As we started nearing the finish, a new wind started developing, one that was 180 degrees opposed to the fresh northerly we had enjoyed. This meant a transition we had to go through and not a breath of wind between. And of course the current was against us at the requite 2 knots with anchoring out of the question at the 200+ feet of depth. This brought the fleet that we had been so far in front of up close. A few boats split to the west as we got trapped 3 miles from the finish near the lee of Orcas Island. The kites came out and Zulu, a Canadian boat that we had been so close to in our division, got a puff in the last of the dying wind to take off with a full kite as we sagged and died a few yards behind. We struggled for the next 20 minutes passing a few boats in our cluster but ended up crossing the line virtually overlapped with two boats from our division that we owed handicap time to, Vitesse and Ptolomy. We spoke with them later and they said they saw our predicament and went east in the last of the old breeze before heading toward the finish with spinnakers ghosting along top gain a lot in the last mile or so2.

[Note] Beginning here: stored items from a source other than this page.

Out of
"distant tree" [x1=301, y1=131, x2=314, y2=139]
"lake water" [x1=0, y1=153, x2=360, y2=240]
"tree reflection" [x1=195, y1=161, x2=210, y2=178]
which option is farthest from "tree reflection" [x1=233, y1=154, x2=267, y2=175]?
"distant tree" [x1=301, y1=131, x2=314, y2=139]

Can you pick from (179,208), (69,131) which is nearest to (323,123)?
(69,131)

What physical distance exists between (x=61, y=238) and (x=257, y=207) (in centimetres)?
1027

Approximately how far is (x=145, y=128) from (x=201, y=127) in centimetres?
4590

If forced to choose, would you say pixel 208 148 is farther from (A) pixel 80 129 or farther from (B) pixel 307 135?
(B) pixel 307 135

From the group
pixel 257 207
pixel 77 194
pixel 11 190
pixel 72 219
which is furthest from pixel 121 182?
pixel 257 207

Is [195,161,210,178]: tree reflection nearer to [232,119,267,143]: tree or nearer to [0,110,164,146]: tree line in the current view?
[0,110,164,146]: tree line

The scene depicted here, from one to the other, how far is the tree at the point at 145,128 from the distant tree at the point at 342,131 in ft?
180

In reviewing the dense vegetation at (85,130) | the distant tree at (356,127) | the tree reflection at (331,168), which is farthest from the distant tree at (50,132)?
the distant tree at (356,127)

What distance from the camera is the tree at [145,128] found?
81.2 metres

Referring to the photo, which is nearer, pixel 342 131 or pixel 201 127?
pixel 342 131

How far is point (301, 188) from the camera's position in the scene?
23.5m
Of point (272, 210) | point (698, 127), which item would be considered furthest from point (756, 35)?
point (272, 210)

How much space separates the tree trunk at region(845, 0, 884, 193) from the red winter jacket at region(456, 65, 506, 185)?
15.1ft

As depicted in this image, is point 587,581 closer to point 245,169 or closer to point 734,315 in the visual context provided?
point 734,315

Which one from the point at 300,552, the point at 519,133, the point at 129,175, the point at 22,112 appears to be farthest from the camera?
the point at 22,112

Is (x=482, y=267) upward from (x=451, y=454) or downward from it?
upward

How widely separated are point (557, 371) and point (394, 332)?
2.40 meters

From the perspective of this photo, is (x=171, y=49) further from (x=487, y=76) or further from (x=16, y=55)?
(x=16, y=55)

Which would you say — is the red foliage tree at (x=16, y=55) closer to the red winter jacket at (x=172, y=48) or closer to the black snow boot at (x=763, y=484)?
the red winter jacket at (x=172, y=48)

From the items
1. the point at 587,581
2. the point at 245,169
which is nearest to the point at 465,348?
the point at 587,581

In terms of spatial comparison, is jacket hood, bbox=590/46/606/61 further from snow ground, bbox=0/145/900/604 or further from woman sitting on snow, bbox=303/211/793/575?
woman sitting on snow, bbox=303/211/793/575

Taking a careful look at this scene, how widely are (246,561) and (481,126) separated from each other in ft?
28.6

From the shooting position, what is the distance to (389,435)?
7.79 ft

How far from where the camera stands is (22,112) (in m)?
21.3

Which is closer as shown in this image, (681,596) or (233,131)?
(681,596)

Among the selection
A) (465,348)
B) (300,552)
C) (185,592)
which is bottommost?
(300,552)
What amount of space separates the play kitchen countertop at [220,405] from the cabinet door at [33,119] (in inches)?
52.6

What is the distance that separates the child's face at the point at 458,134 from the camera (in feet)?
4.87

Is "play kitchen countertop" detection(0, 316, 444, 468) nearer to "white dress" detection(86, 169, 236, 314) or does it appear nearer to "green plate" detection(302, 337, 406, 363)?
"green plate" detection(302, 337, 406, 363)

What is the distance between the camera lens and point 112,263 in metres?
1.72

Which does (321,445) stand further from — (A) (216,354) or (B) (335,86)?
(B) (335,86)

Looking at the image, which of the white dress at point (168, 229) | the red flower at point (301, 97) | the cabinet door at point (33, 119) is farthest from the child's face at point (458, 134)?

We finished 4th in our division and 16th overall which wasn’t bad but given how far ahead we were only a half hour before, it was frustrating. The IRC boats and really low rating PHRF boats were the overall winners and able to sail through that without having to deal with the light wind that came up late in the game. We were one of only 6 boats to finish in our division Sunday and there were no finishers for the long course Sunday in divisions 2 and 3 so the halfway scores were used for them. Almost predictably, the beautiful schooner Martha was the top overall scorer having beaten many of the newer IRC and Class 0 boats to the halfway point boat for boat on the windy downwind and reaching leg! What a kick! But it must be said that in addition to being beautifully and lovingly maintained, Robert and Holly D’Arcy sail her extremely well. Her wins are from being sailed well, going the right way and being fast. And of course the long waterline doesn’t hurt one bit in a breeze while having everyone owe her time!
Given our inexperience in racing around the San Juan Islands, we did very well but it was a bitter pill to have an insurmountable lead surmounted. But that is the nature of racing in the San Juan Islands in November, a crazy time of year to race in a crazy race around what can only be described as one of the planet’s most beautiful spots. The San Juan Islands are indeed a jewel and cold or not, gives you the opportunity to see so much nature with harbor porpoise, seals, sea lions, bald eagles, mountains and trees displayed before you in such abundance it is stunning. There is nowhere like this on Earth and in November, it is our playground with all of the cruisers having quite sensibly left us alone. It is absolutely a race that should be on everyone’s bucket list!